╭─ Records for the exercise
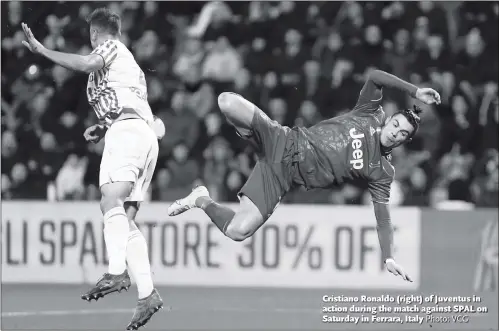  ?? Photo: VCG ?? Cristiano Ronaldo (right) of Juventus in action during the match against SPAL on Saturday in Ferrara, Italy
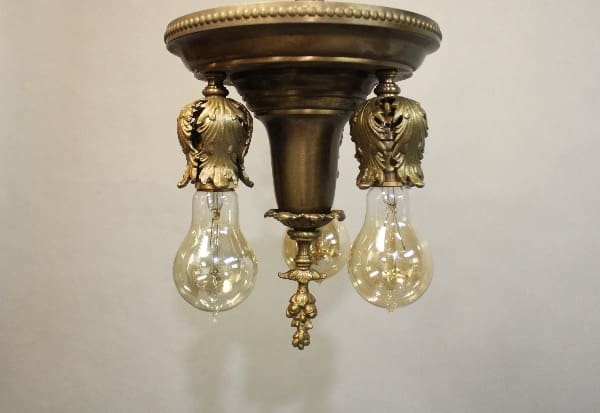 15964. 1920's Brass Ceiling Mount With Acanthus Leafs chandelier with three hanging clear glass light bulbs, featuring ornamental eagle designs.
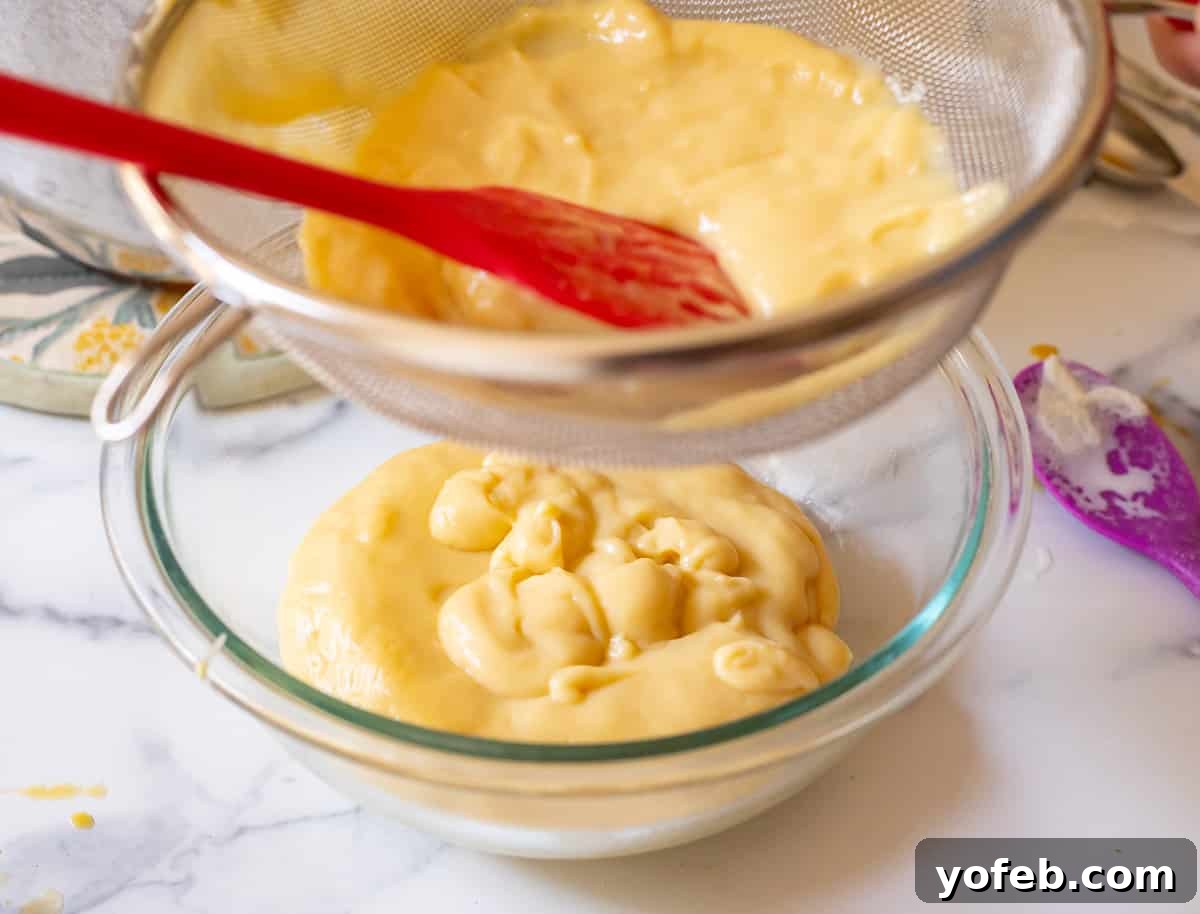 Velvety Crème Pâtissière 15 pushing finished pastry cream through a sieve into a glass bowl to make it extra creamy.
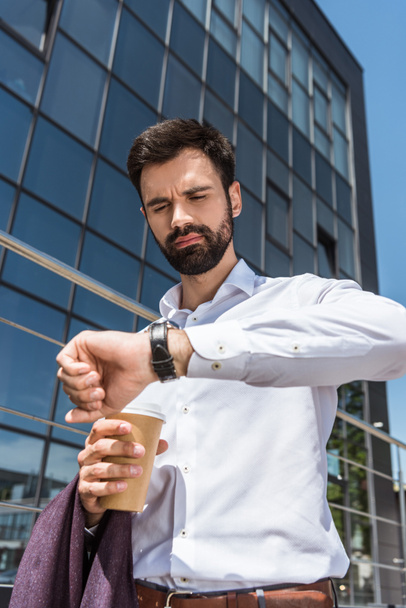 bottom view of handsome young businessman with coffee to go looking at wristwatch - Valokuva, kuva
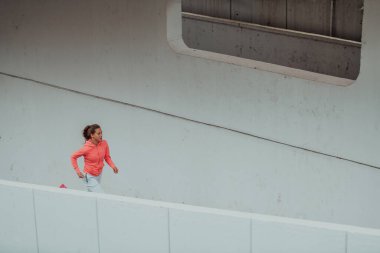 Modern bir şehir ortamında spor elbiseli kadınlar koşuyor. Sportif ve sağlıklı yaşam tarzı kavramı. 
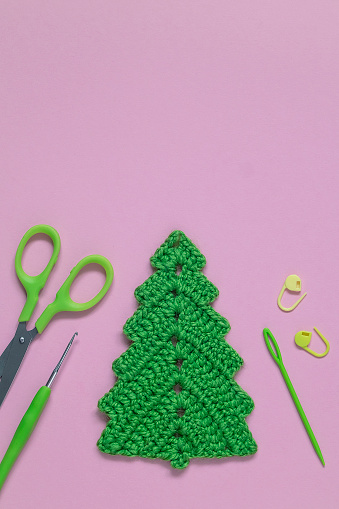 Handmade green crochet Christmas tree and crochet tools on a lilac background. Top view. Copy space.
╰─
Problem to work on:
Only the lines from the one containing "Velvety Crème Pâtissière" through the final line of the data should be given again, exactly and without pictures.

Written solution:
 Velvety Crème Pâtissière 15 pushing finished pastry cream through a sieve into a glass bowl to make it extra creamy.
 bottom view of handsome young businessman with coffee to go looking at wristwatch - Valokuva, kuva
 Modern bir şehir ortamında spor elbiseli kadınlar koşuyor. Sportif ve sağlıklı yaşam tarzı kavramı. 
 Handmade green crochet Christmas tree and crochet tools on a lilac background. Top view. Copy space.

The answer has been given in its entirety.